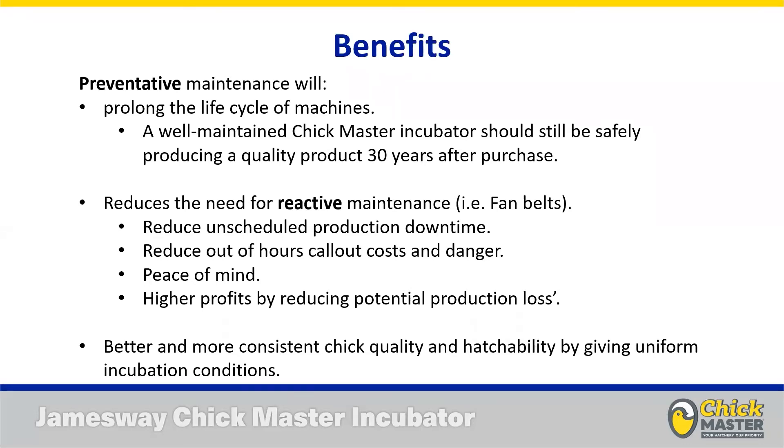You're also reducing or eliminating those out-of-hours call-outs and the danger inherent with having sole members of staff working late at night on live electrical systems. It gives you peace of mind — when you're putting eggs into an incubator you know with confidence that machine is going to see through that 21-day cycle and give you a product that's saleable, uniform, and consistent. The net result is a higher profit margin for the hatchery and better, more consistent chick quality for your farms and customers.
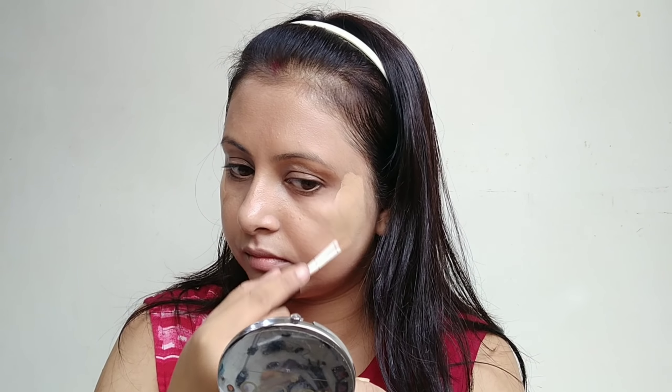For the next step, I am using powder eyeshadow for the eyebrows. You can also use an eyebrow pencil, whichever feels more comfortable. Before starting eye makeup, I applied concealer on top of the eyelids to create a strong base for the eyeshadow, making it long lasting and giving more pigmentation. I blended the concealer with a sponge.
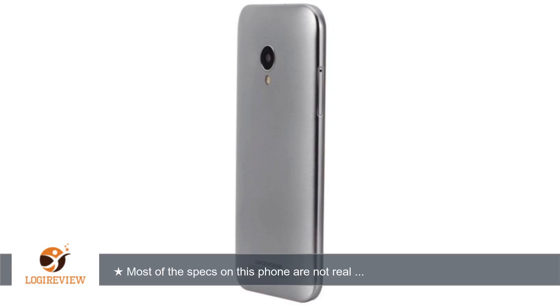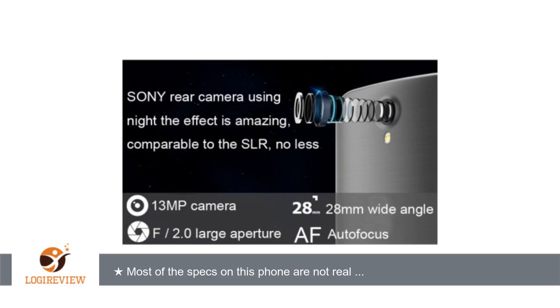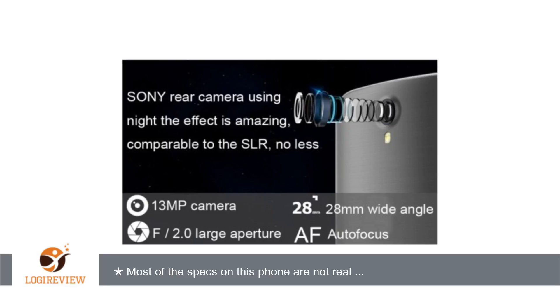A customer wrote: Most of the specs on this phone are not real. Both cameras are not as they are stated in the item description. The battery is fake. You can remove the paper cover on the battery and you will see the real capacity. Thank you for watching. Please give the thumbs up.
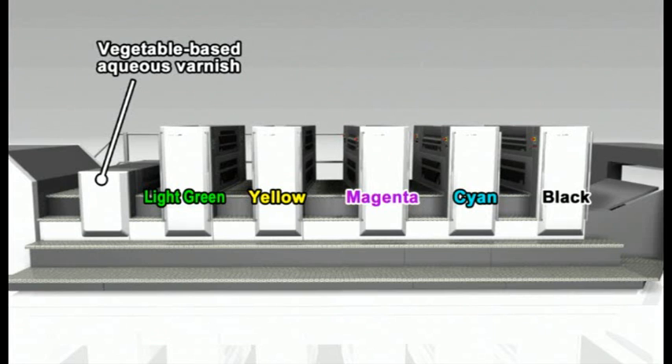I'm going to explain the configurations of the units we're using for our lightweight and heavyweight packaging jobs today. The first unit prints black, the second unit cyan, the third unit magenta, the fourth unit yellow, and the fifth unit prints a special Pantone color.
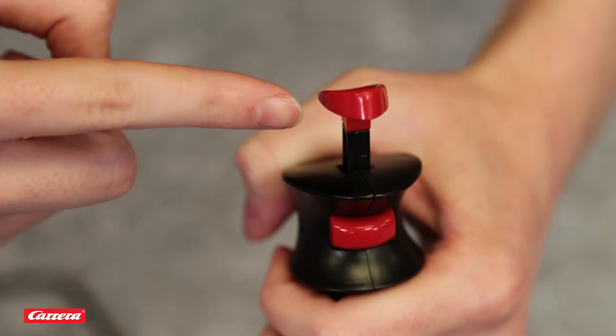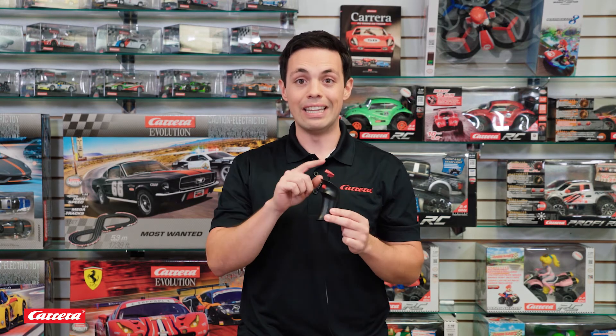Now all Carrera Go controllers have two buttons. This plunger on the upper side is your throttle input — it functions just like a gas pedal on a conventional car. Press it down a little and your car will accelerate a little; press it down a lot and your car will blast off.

☆ ☆ ☆

## INSTRUCTIONS TO FOLLOW
Nothing but the records above, exact and without pictures, should appear in the answer.

## REPLY TO THE TASK
You're also reducing or eliminating those out-of-hours call-outs and the danger inherent with having sole members of staff working late at night on live electrical systems. It gives you peace of mind — when you're putting eggs into an incubator you know with confidence that machine is going to see through that 21-day cycle and give you a product that's saleable, uniform, and consistent. The net result is a higher profit margin for the hatchery and better, more consistent chick quality for your farms and customers.
For the next step, I am using powder eyeshadow for the eyebrows. You can also use an eyebrow pencil, whichever feels more comfortable. Before starting eye makeup, I applied concealer on top of the eyelids to create a strong base for the eyeshadow, making it long lasting and giving more pigmentation. I blended the concealer with a sponge.
A customer wrote: Most of the specs on this phone are not real. Both cameras are not as they are stated in the item description. The battery is fake. You can remove the paper cover on the battery and you will see the real capacity. Thank you for watching. Please give the thumbs up.
I'm going to explain the configurations of the units we're using for our lightweight and heavyweight packaging jobs today. The first unit prints black, the second unit cyan, the third unit magenta, the fourth unit yellow, and the fifth unit prints a special Pantone color.
Now all Carrera Go controllers have two buttons. This plunger on the upper side is your throttle input — it functions just like a gas pedal on a conventional car. Press it down a little and your car will accelerate a little; press it down a lot and your car will blast off.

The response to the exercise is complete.